*WHAT YOU ARE ASKED TO DO:*
Without the pictures, copy all the entries below exactly.

--- START ---

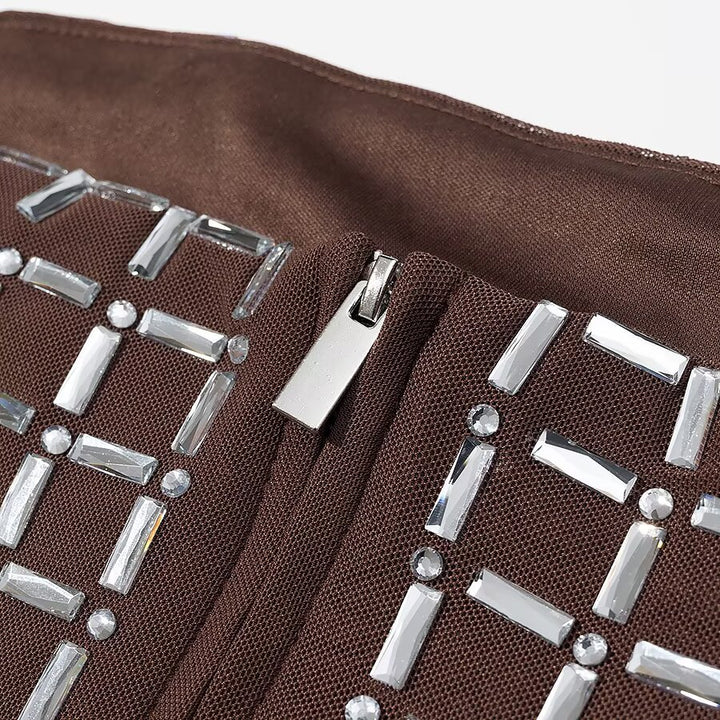 Sequin Mesh Two Piece Set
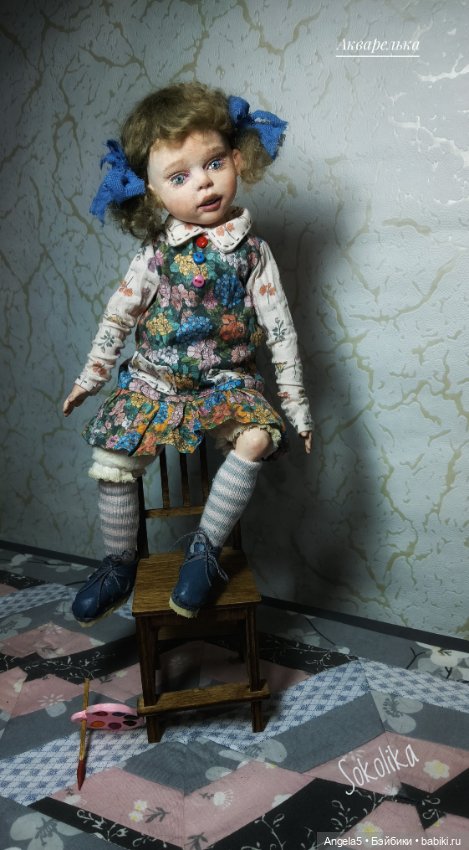 Акварелька — Домашние фото авторских кукол: личные коллекции (фото 8)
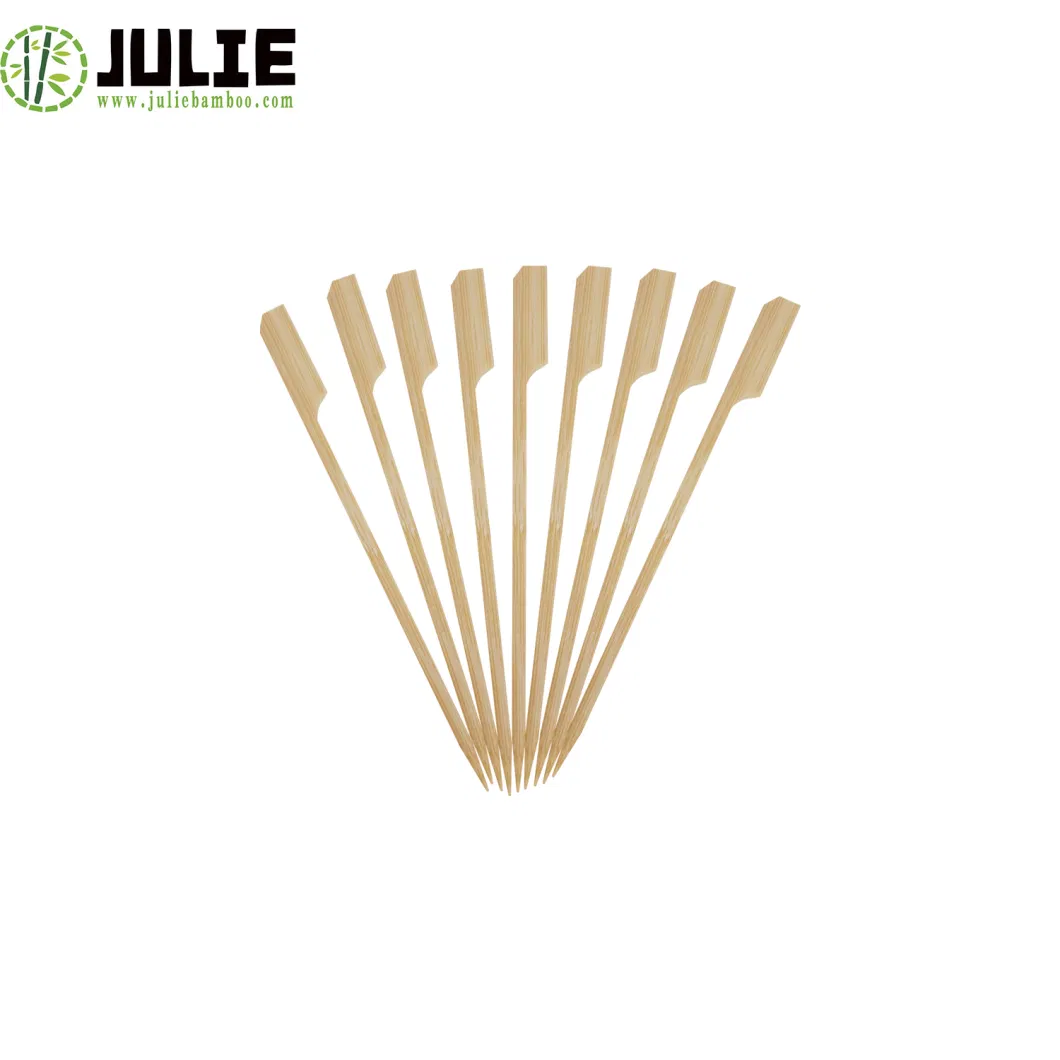 Food-Contacting Grade Eco-Friendly Hygienic High Quality Natural Bamboo Skewers for BBQ Food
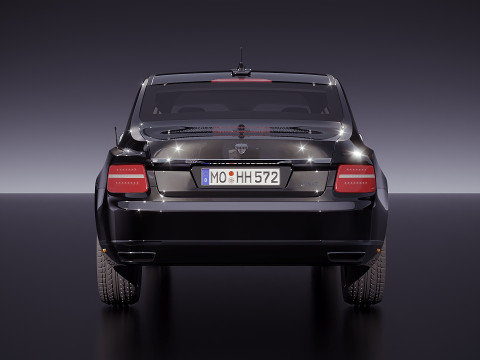 アウルス セナト プレジデンシャル リムジン 2018 3Dモデル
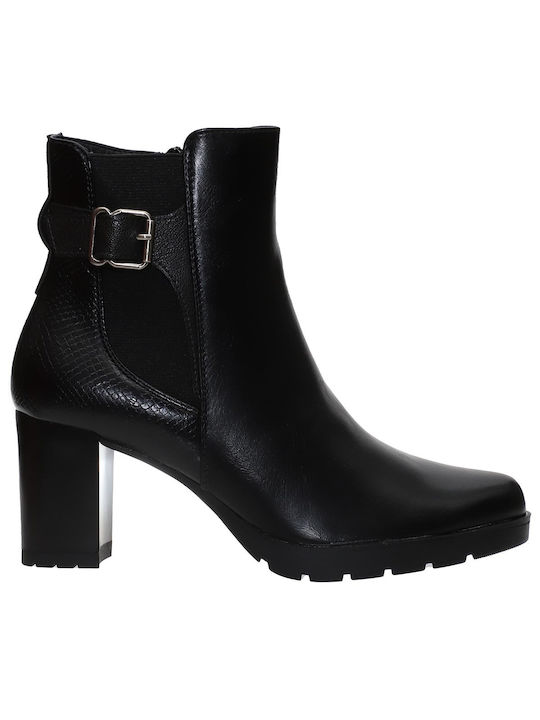 Envie Shoes Block-heel Ankle Boots Black V63-20197-34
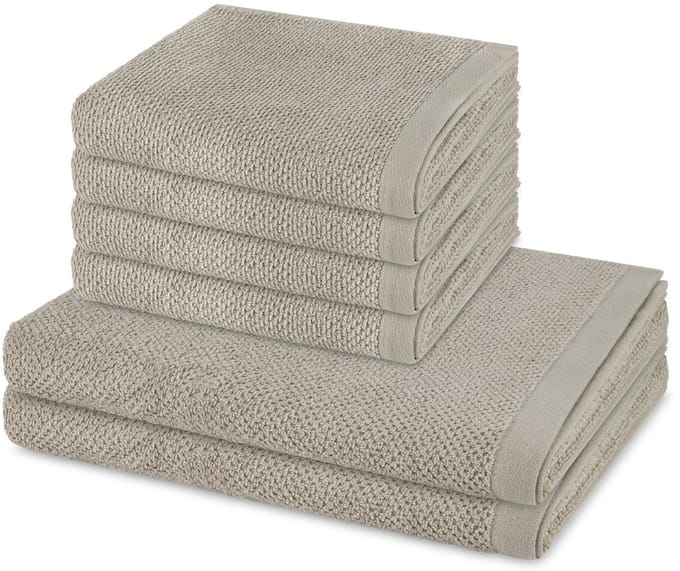 Möve Sonstiges 4 X handdoek 2 X douchehanddoek - in set 6 pack Bliss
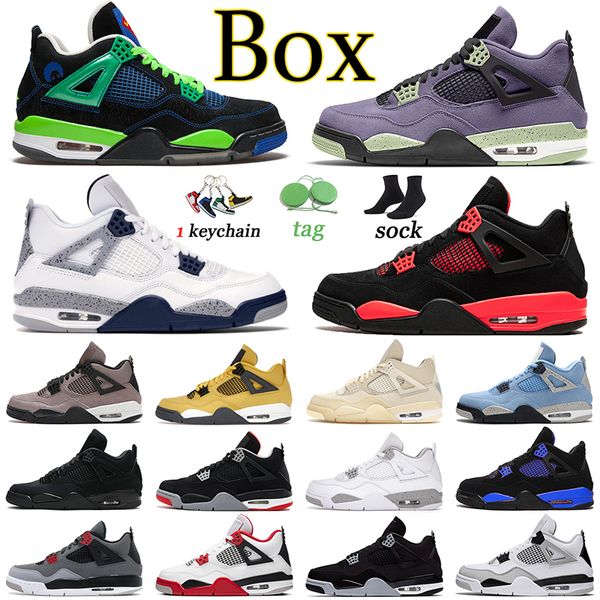 with box 4 basketball shoes j4 men trainers jumpman 4s military black canvas sneakers women offs white oreo red thunder sports canyon purple
with box 4 basketball shoes j4 men trainers jumpman 4s military black canvas sneakers women offs white oreo red thunder sports canyon purple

--- END ---

*RESULT OF THIS TASK:*
 Sequin Mesh Two Piece Set
 Акварелька — Домашние фото авторских кукол: личные коллекции (фото 8)
 Food-Contacting Grade Eco-Friendly Hygienic High Quality Natural Bamboo Skewers for BBQ Food
 アウルス セナト プレジデンシャル リムジン 2018 3Dモデル
 Envie Shoes Block-heel Ankle Boots Black V63-20197-34
 Möve Sonstiges 4 X handdoek 2 X douchehanddoek - in set 6 pack Bliss
 with box 4 basketball shoes j4 men trainers jumpman 4s military black canvas sneakers women offs white oreo red thunder sports canyon purple
with box 4 basketball shoes j4 men trainers jumpman 4s military black canvas sneakers women offs white oreo red thunder sports canyon purple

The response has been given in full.